One Trading Partner agreement is all that is necessary for the HIPAA Officer to write. It would be acceptable for any business partner that trades protected health information with them.
The statement is not entirely accurate. The HIPAA Privacy Rule requires covered entities (such as healthcare providers, health plans, and healthcare clearinghouses) to have a written agreement, known as a Business Associate Agreement (BAA), with their business associates who will receive, access, or use protected health information (PHI) on their behalf.
The BAA is a contract between a covered entity and its business associate that establishes the permitted uses and disclosures of PHI by the business associate, the safeguards that the business associate will implement to protect the privacy and security of the PHI, and the business associate’s obligations with respect to PHI under HIPAA.
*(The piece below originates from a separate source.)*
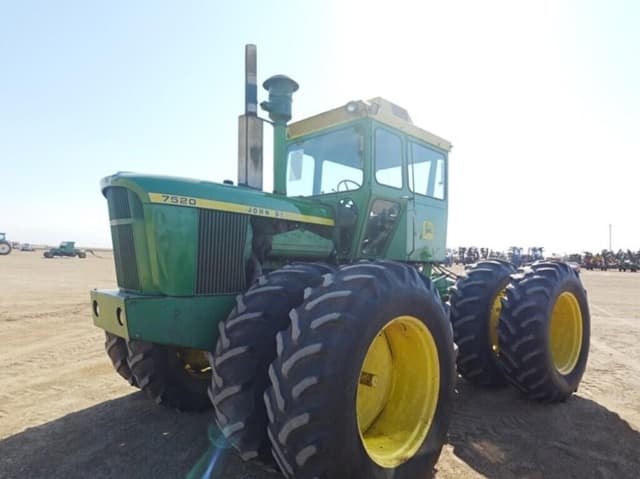 Image of John Deere 7520 equipment image 2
While it is important for a covered entity’s HIPAA Officer to ensure that they have a BAA in place with all of their business associates, a single BAA may not be sufficient for all business partners. Covered entities must have a BAA in place with each of their business associates who create, receive, maintain, or transmit PHI on their behalf, in order to comply with the HIPAA Privacy Rule.
Therefore, the correct statement is that a HIPAA Officer must write a Business Associate Agreement with each business partner that trades protected health information with them, rather than a single agreement being sufficient for all partners.